Dalej. Kolejny mój pobyt w Sejmie miał miejsce w latach 2007-2011 i był poprzedzony pracą w Zarządzie Województwa Warmińsko-Mazurskiego w Olsztynie. Tak się złożyło, że był to czas ostatecznych rozstrzygnięć w Brukseli dotyczących zapisów w Regionalnym Programie Operacyjnym dla Warmii i Mazur. Zgodnie z przypisanymi kompetencjami, opowiadałem za te zapisy. Wiele z nich dotyczyło Iławy i całego naszego powiatu. Jestem bardzo dumny z tego, co udało mi się dla naszego środowiska zręcznie przemycić. Ostatnią z tych inwestycji, dopiero w obecnym roku 2014 realizowaną, jest tzw. południowy szlak zmodernizowanych dróg wojewódzkich - ciągnący się od granicy województwa poprzez Susz, Iławę, Lubawę, Lidzbark Welski, po Działdowo. Czekałem na wykonanie tego zadania 7 lat! W domowym archiwum pieczołowicie trzymam agresywny artykuł z olsztyńskiej "Gazety Wyborczej" (z 2007 roku) pod wrednym tytułem "Załatwili sobie!", w którym bezpardonowo zostałem zbesztany przez gazetę za wstawienie programu modernizacji tych dróg do RPO. Ale było warto!
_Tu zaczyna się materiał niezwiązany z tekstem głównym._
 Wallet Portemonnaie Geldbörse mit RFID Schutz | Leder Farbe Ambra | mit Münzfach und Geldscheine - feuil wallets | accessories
Będąc w parlamencie, w roku 2008, osobiście naprzykrzałem się ministerialnym decydentom w dwóch sprawach - w pełnym zakresie współpracując z iławskim samorządem. Moje starania dotyczyły budowy od postaw bazy wioślarskiej nad Jeziorakiem i przeniesienia siedziby rolniczej ARMiR-u z Lubawy do Iławy (przy IPB). Szczęśliwie, obydwa działania zakończyły się pełnym sukcesem.

I to był już koniec dobroci dla Iławy płynącej z faktu posiadania przeze mnie poselskiego mandatu. Na kolejne wsparcie dla Iławy, nie otrzymałem już więcej szansy, bo rozpoczęła się w naszym mieście Iławie brutalna i bezwzględna akcja przeprowadzana przez iławskich działaczy PO, mająca za zadanie wygumkowanie mojego imienia i nazwiska z annałów naszego miasta. Nie mam zamiaru opisywać szanownej Pani, jak do tego doszło. Wystarczy, iż napiszę, że autorzy koncepcji politycznego zakopania mnie dwa metry pod ziemią - właśnie teraz, w trakcie tych wyborów, połykają tę żabę. Życzmy im smacznego!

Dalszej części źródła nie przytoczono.